(Raw data)

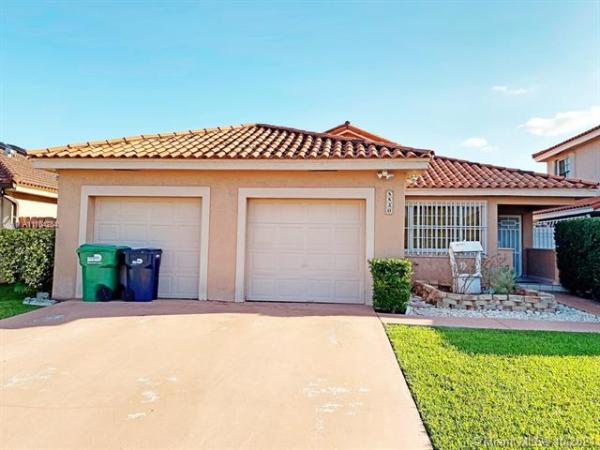 West Lakes Gardens, 8830 NW 150th St, Miami Lakes, Florida 33018, image 1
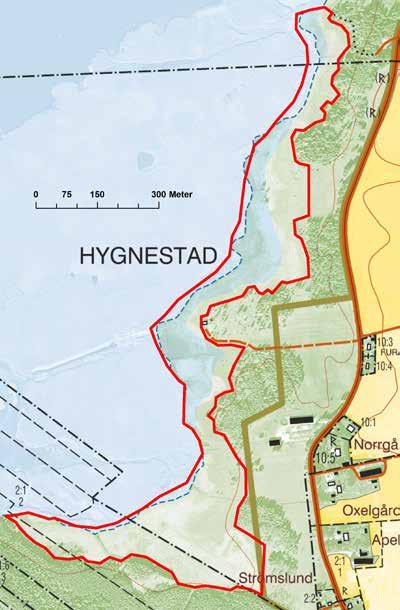 Furåsa - Hov 23 ha. Hävdstatus: god. Igenväxning: låg. En långsträckt strandäng som delvis ligger inklämd mellan skog och vass.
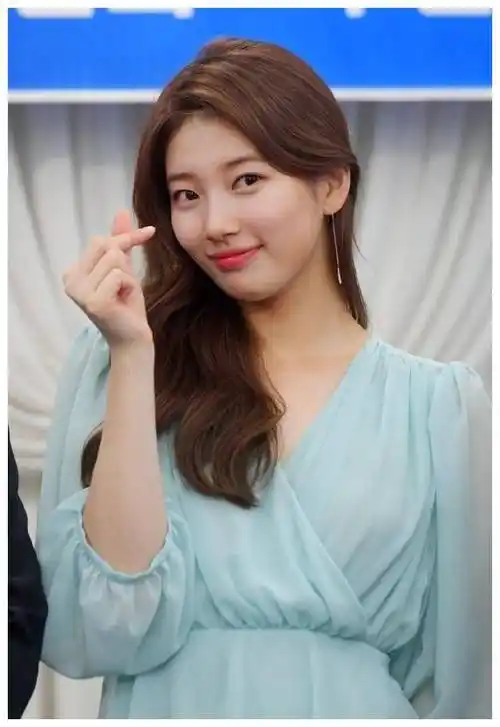 裴秀智解锁最美造型,一袭蓝色纱裙宛如仙女下凡,不愧是国民初恋_佩斯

(End Raw data)

Problem requirements: From the first line to the last, repeat the listing exactly and skip its images.

Response area:
 West Lakes Gardens, 8830 NW 150th St, Miami Lakes, Florida 33018, image 1
 Furåsa - Hov 23 ha. Hävdstatus: god. Igenväxning: låg. En långsträckt strandäng som delvis ligger inklämd mellan skog och vass.
 裴秀智解锁最美造型,一袭蓝色纱裙宛如仙女下凡,不愧是国民初恋_佩斯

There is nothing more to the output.